**EXERCISE**. For this exercise, restate word for word only the lines from the one containing "NoXx Hoes Geschikt" through the last line below. Pictures do not get copied.
(Beginning of RECORDS TO USE)
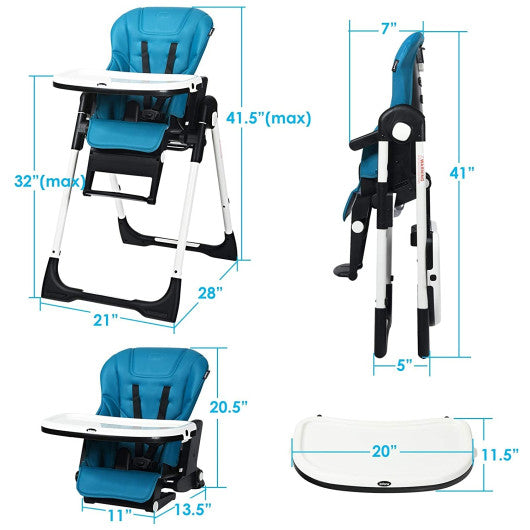 4-in-1 High Chair¨CBooster Seat with Adjustable Height and Recline-Navy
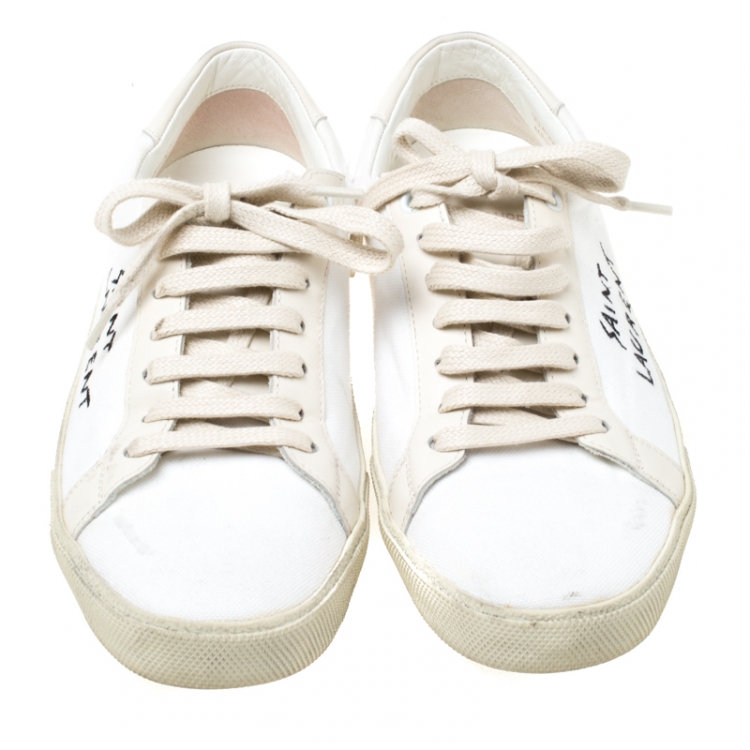 Pre Owned Saint Laurent Paris White Canvas And Leather Court Classic Logo Sneakers Size 39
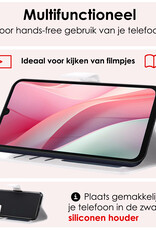 NoXx Hoes Geschikt voor Samsung A15 Hoesje Book Case Hoes Flip Cover Wallet Bookcase Met 2x Screenprotector - Wit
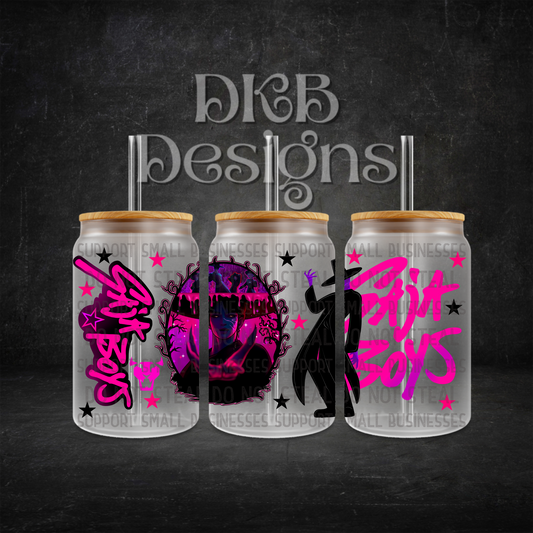 Demon boys 16oz glass can UV DTF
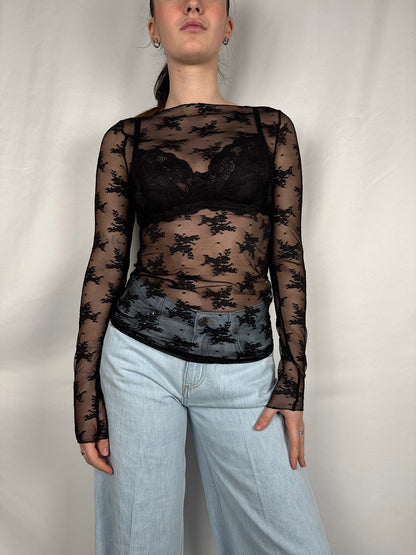 Maglia Basic in Pizzo  Armonia Nero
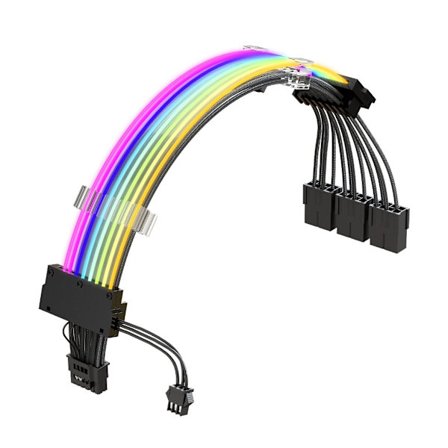 Flätad PCIE5.0 (16Pin / 12+4) 16AWG Slädad Högströms Strömkabel Ersättning PCI-E5.0 Strömförsörjningskabel Adapter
(End of RECORDS TO USE)
**SOLUTION TO THE PROBLEM**.
 NoXx Hoes Geschikt voor Samsung A15 Hoesje Book Case Hoes Flip Cover Wallet Bookcase Met 2x Screenprotector - Wit
 Demon boys 16oz glass can UV DTF
 Maglia Basic in Pizzo  Armonia Nero
 Flätad PCIE5.0 (16Pin / 12+4) 16AWG Slädad Högströms Strömkabel Ersättning PCI-E5.0 Strömförsörjningskabel Adapter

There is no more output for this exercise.